Saturday, July 14, 2012

Living the dream

The funny thing about living a dream is trying to believe it when it happens.

I finally got a load opportunity yesterday, the timing of it was quite curious. I spent the morning sleeping in and getting laundry done while watching a couple of TV episodes that I had brought with me. Once that was done, I packed up everything, cleaned up my sleeping area and moved everything back out to the truck, "Just in case". Figuring that spending some time in the truck waiting would be beneficial. Turns out, getting into the truck was not in the plan. Once outside the passenger door, the phone rings and its a load opportunity. Scrambling to answer the call, it was disconnected. Luckily there are two safeguards in place. One is that one an opportunity is sent, there is a tem minute window in which to replay to it. Second, there is a phone number to call in to listen for any available opportunities that are available.

Once accepted, the ten minute window must expire before finding out if the load was awarded. So I ran back inside and said my quick goodbyes and ran back to the truck. My on board computer is called a C-Link and it's made by Qualcomm. The C-link bursts to life with all of the load information and I start to work in trying to remember what to fill out on my Bill of Lading. Once thats done, I pop the address into the GPS and take off. One of the many key points that a driver is graded on is arriving within the time frame given for pickup and delivery. Since I am in an expedite branch of FedEx, these are live orders that came in and MAYBE were places 5 minutes before I was given the info. The expectation is that once a customer calls, you are there to get the load, whatever it is, and then head out and deliver it.

Once I was all packed up and cleared to leave, that was when the realization hit me that the dropoff was in North Carolina and that it didn't need to be there until 7:30am on Monday.

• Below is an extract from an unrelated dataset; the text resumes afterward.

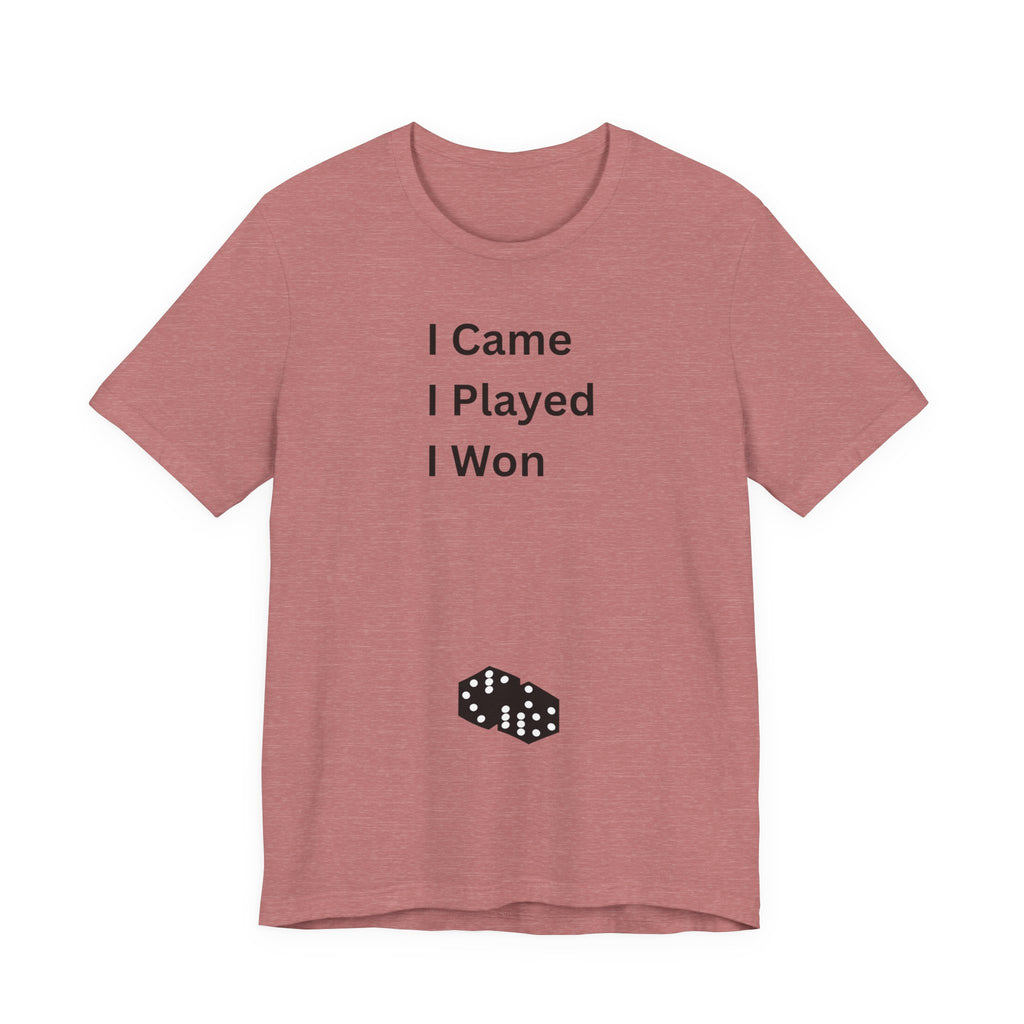 I CAME I PLAYED I WON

So with a bit of executive privilege, phone calls were made to verify that the delivery was indeed on Monday. This was done because the actual delivery was not confirmed on the original order. After calling a couple of times with 3 hours between calls, it was pretty obvious that Monday was the correct time. So I started calling family in Charlotte, NC to see if I could hang out there for the weekend instead of wasting money I don't really have yet at a truck stop or a motel.

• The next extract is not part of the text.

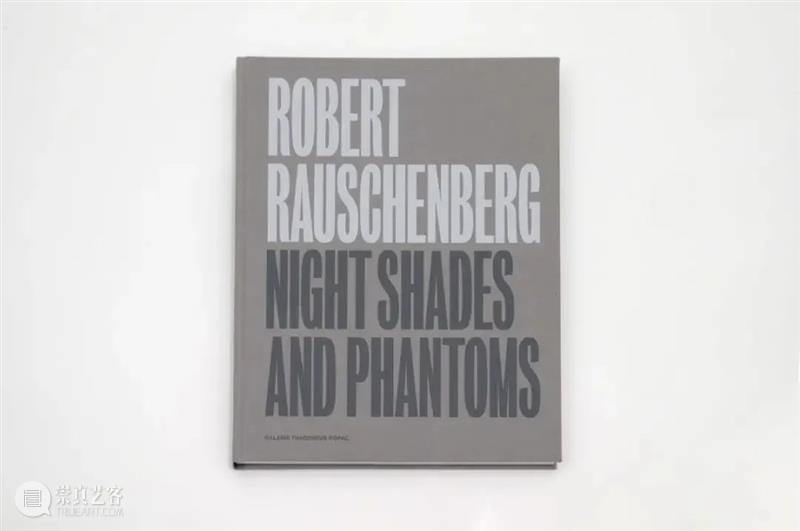 艺术家｜罗伯特·劳森伯格 Robert Rauschenberg  Ropac画廊 崇真艺客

So here I sit now in Charlotte, NC at my wife's grandparents house visiting family. Then it struck me that I have been wanting to come visit Charlotte for quite awhile. Driving to the house, memories and emotion struck me with an almost physical force as I went past familiar places and crossed familiar streets. Charlotte was my first true home after leaving Massachusetts. This was where my second attempt of life began. I grew up here in more ways that I can count. Some days were good, some were bad, but all were important. Breaking out of old habits and shedding off shadows of my past layer by layer. Perhaps one could say I was reborn or that I finally opened my eyes a little wider to see what was going on.  Breaking out of the shell I built around myself growing up and conforming to the ideals of the world around me instead of finding my own path as I do now. This place is dear to me. Only coming back here, as I have now, shows me how much I have missed this place.

Living the dream.

I have heard this term countless of times in the last few months as a sarcastic response from a Co-Worker anytime he was asked by a person on the phone, "How's things?"
I never really took much stock in it after the first few times I heard it. The depth of the term is subtle and can be as simple or as complex as one wants it to be.

What does the term mean for me though?

I find that it means that one follows their heart, grabs opportunity to see where the path leads. To not worry about consequence of the day to day, and enjoy the moment.

I drove 12 hours straight through mountainous countryside from Pittsburgh, PA to Charlotte, NC. It was the most enjoyable trip I have ever had in my entire life. Towards the end, I was a little punch drunk, I will admit. The energy and challenge of the trip was nothing I have ever experienced. There was no stress, there was no second guessing. All I had to do was drive and it was all good.

Life will be a bit inconvenient at times, but that's ok. I know I have people looking out for me everywhere I go. I know that I won't have the availablility of sleeping in a bed every night and that my truck will be my home. That's ok too and I accept that. To me, this is living a dream. Having the ability and freedom to actually go see the people I talk to and build friendships with. That in itself, blows my mind.

For ahile there, I thought my ability to travel was dead. The last few car trips I were on, I couldn't stay awake long enough to make it out of one state. I nicked 4 states yesterday. I think I got this.